I have just started studying simple linear regression. This concerns Section 9.1 in the book 'Introduction to probability and statistics for engineers ans scientists' by Sheldon Ross 10th Edition. It says:
A simple linear regression model supposes a linear relationship between the mean response and the value of a single independent variable. It can be expressed as $$Y =\alpha+\beta x+e$$ where $x$ is the value of the independent variable, also called the input level, $Y$ is the response, and $e$, representing the random error, is a random variable having mean $0$. Suppose that the responses $Y_i$ corresponding to the input values $x_i , i = 1, . . . , n$ are to be observed and used to estimate $\alpha$ and $\beta$ in a simple linear regression model.
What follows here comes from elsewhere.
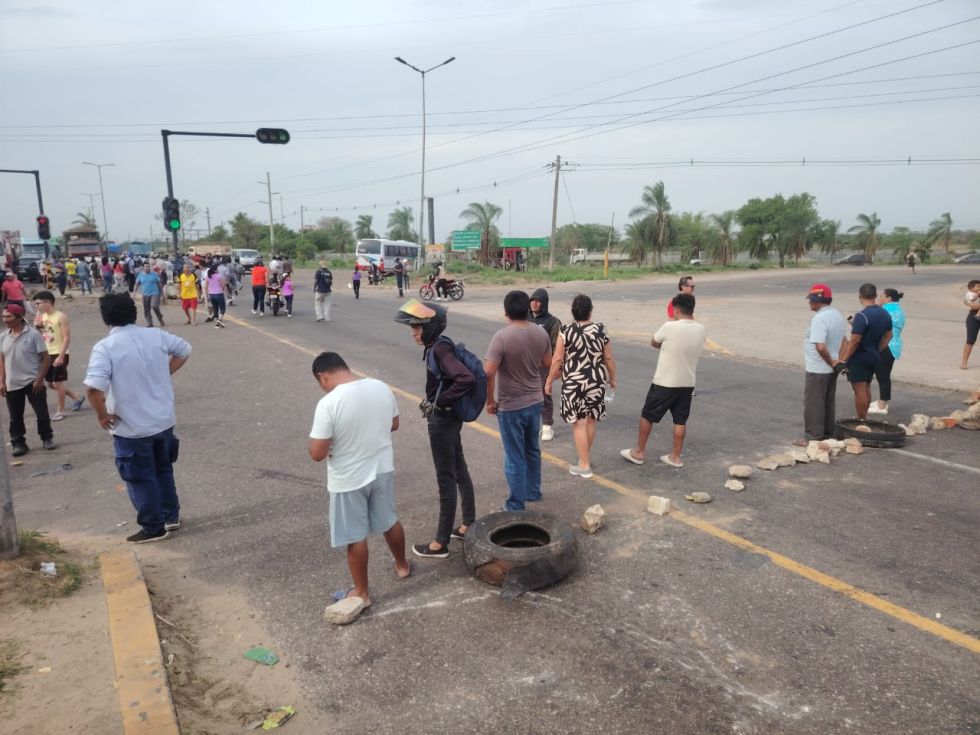PROTESTA. El bloqueo instalado en la ruta Santa Cruz de la Sierra-Warnes, la tarde de ayer.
To determine estimators of $\alpha$ and $\beta$ we reason as follows: If $A$ is the estimator of $\alpha$ and $B$ of $\beta$, then the estimator of the response corresponding to the input variable $x_i$ would be $A + Bx_i.$
To specify the distribution of the estimators $A$ and $B$, it is necessary to make additional assumptions about the random errors aside from just assuming that their mean is $0$. The usual approach is to assume that the random errors are independent normal random variables having mean $0$ and variance $\sigma^2$. That is, we suppose that if $Y_i$ is the response corresponding to the input value $x_i$ , then $Y_1 , . . . , Y_n$ are independent and $$Y_i\sim\mathcal(\alpha+\beta x_i,\sigma^2)$$.
My questions are:
- Why are $x_i$ not being considered as independent random variables? Do we not consider $x_i$'s as sample data with an underlying distribution?
- Why is the error being called random? Why is it a random variable? What is its domain? And why is it normally distributed?
If you can understand what my confusion is about, can you also please explain using examples.
The answer to both of your questions is "because that's how we're defining the model". We are assuming that we are able to observe $x_i$ and $y_i$, and that if we know $x_i$ for some record then we are able to predict $y_i$ with some amount of error.
So for the purposes of this model, it doesn't matter whether the $x_i$ are fixed or random, because our predictions are always going to be conditioned on the value of $x_i$ regardless. (If you wanted to model the $x_i$ as a random variable and make some inference about the underlying model of the $y_i$ then that's a separate step.)
As for the error terms $\varepsilon_i$ being i.i.d. normal, again that's just an assumption. The idea is that once we remove the effect of the $x_i$, we want to assume that the remaining error is pure white noise with no structure.
Ultimately this comes down to an old adage - "No model is correct, but some models are useful."